There is an acceptance that United’s performances against Arsenal and Istanbul Basaksehir, in particular, were not good enough, but senior figures have pointed to results against PSG and Leipzig, as well as the 14-game unbeaten run to end last season’s Premier League campaign, as evidence that Solskjaer is the right man.
Woodward and Solskjaer are still in regular contact and have maintained a good working relationship despite a tense summer. Crucially, Solskjaer has also retained the backing from the senior players; sources have told ESPN that the reaction to the win at Goodison Park on Saturday was more defiant than celebratory after a week of intense criticism. Some strong supporters of Solskjaer within the squad feared another demoralising defeat would have forced Woodward into a decision.
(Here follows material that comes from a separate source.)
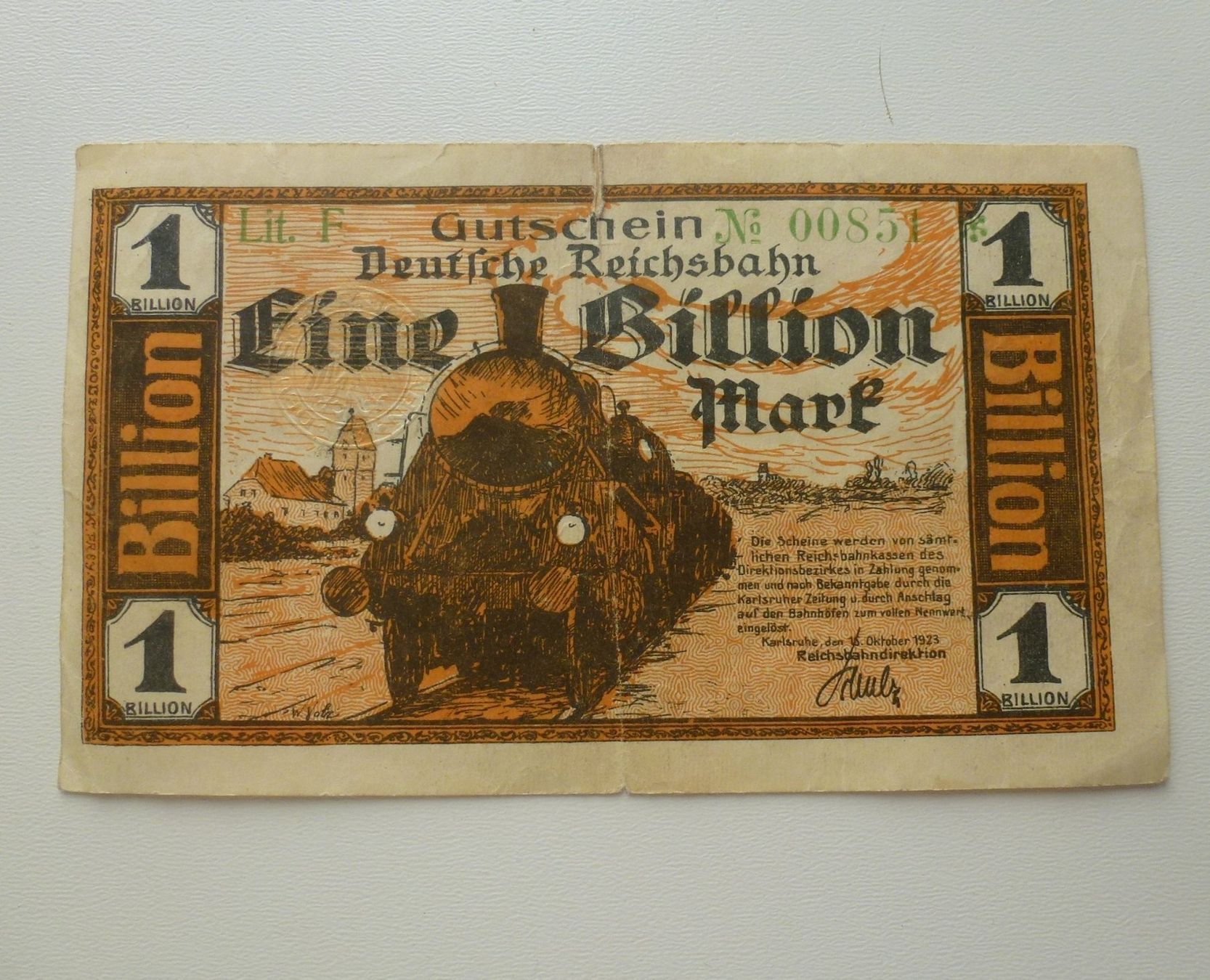 Banknoten: Deutsche Reichsbahn ++ 1 Billion Mark 1923 – Gebraucht aus Walkringen von Casablanca777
There is a sense on Solskjaer’s part that he would not be vulnerable at all had the summer transfer window been more productive. The signature signing — Ajax’s £40 million midfielder Donny van de Beek — strengthened a position he did not believe was a priority. The right winger and central defender he wanted did not arrive; instead, United brought in a 33-year-old striker in Edinson Cavani on a free transfer and two teenage wingers, Penarol’s Facundo Pellistri and Atalanta’s Amad Diallo Traore — Pellistri yet to play and Diallo not arriving until January, despite costing €21m plus €20m in add-ons.
Solskjaer and his coaching staff share the feeling that while United’s senior squad has been strengthened, the overall quality of the first team has stayed the same, making it difficult to bridge the gap to Liverpool and Manchester City. Solskjaer has vented his frustration to Woodward, but his mood around Carrington has remained positive and staff are not walking the corridors with fear as they were during the final throes of the Mourinho era.
When it came time for United to dismiss Mourinho and Van Gaal, the writing was on the wall long before the news was delivered. Solskjaer is beginning to feel some of the same pressures, but Woodward is not taking aim yet.